Indeks Persepsi Korupsi atau Corruption Perception Index (CPI) Indonesia naik dari angka 38 pada 2018, naik menjadi 40 pada 2019. Peneliti Transparancy International Indonesia (TII), Wawan Suyatmiko, kenaikan ini menjadi penanda bahwa perjuangan bersama melawan korupsi yang dilakukan oleh Pemerintah, Komisi Pemberantasan Korupsi (KPK), lembaga keuangan dan bisnis serta masyarakat sipil menunjukkan upaya positif.

Menurut Wawan, ada empat sumber data yang menyumbang kenaikan CPI Indonesia di tahun 2019 yakni Political Risk Service, International Institute for Management Development (IMD) World Competitiveness Yearbook, Political and Economy Risk Consultancy dan World Justice Project – Rule of Law Index. Namun ada juga indeks mengalami stagnasi, yakni Global Insight Country Risk Ratings, dan Bertelsmann Foundation Transformation Index.

“Peningkatan terbesar dikontribusikan oleh IMD World Competitiveness Yearbook dengan peningkatan sebesar sepuluh poin dari tahun sebelumnya. Kenaikan ini dipicu oleh penegakan hukum yang tegas kepada pelaku suap dan korupsi dalam sistem politik.

Sedangkan penurunan empat poin dikontribusikan pada World Economic Forum EOS. Penurunan skor ini dipicu oleh masih maraknya suap dan pembayaran ekstra pada proses ekspor-impor, pelayanan publik, pembayaran pajak tahunan, proses perizinan dan kontrak Economist Intelligence Unit Country Ratings dan Varieties of Democracy. Sedangkan satu mengalami penurunan World Economic Forum EOS.

Anggota Dewan Pengawas KPK Syamsuddin Haris mengapresiasi adanya kenaikan skor ini. Meskipun begitu, ia berpendapat masih banyak hal yang harus dibenahi, khususnya di sektor politik agar nilai CPI Indonesia bisa naik lebih tinggi. Dalam kaitan itu,  pemberantasan korupsi harus lebih tajam dan intens dalam bidang politik.

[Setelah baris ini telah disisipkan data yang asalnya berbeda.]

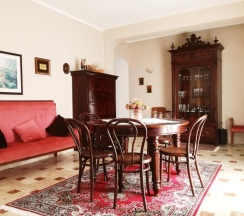 Коттедж с 5 комнатами в Casale della Minaga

"Sebab saya berpendapat walaupun sudah dua dekade kita meninggalkan otoriter tapi pada dasarnya sistem politik kita yang masih memfasilitasi tumbuh suburnya politik koruptif. Sistem politik kita saat ini masih melembagakan dan memfasilitasi tumbuhnya politik korup," pungkasnya.

(Baca juga: Pertanyaan Dua Pimpinan KPK Terkait Indeks Persepsi Korupsi Indonesia).

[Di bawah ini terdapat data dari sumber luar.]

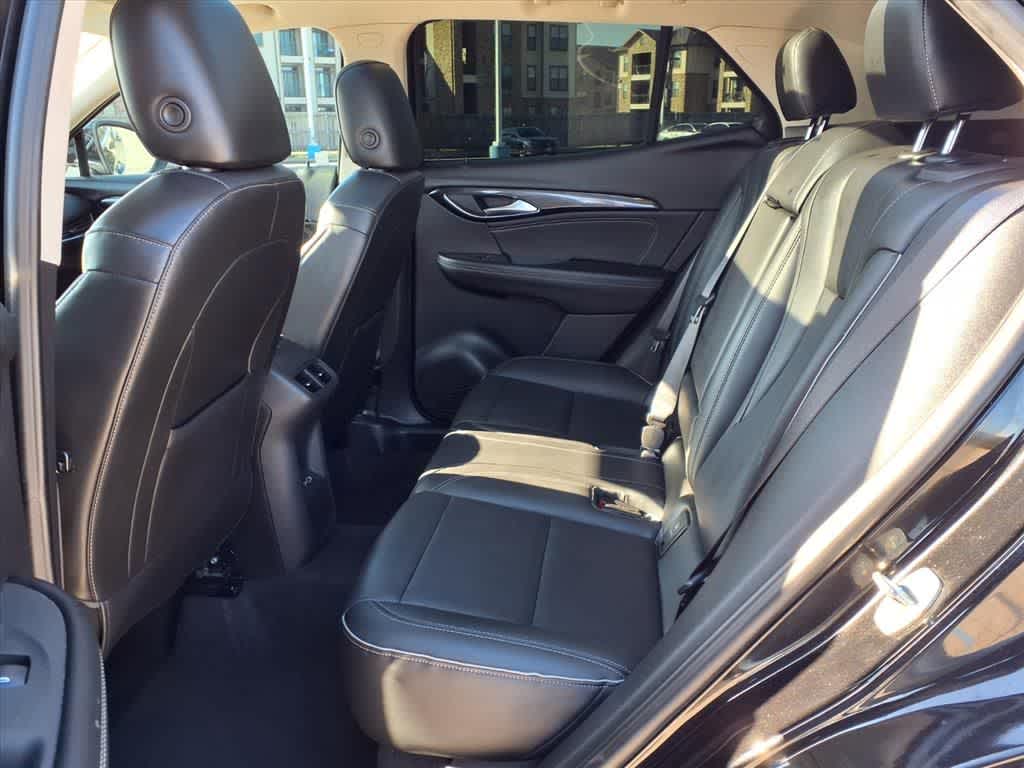 Thumbnail: 2022 Buick Envision - 10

Parameternya bisa dilihat dalam sistem Pemilu baik itu Pilpres, Pileg atau Pilkada, tidak terlihat komitmen pemerintah yang bersungguh-sungguh mengenai perilaku koruptif di sektor politik. Sebab dalam momen tersebut, praktik adanya politik uang yang dilakukan para kontestan masih terlihat marak, sehingga menciderai apa yang di cita-citakan bersama untuk memberantas perilaku koruptif.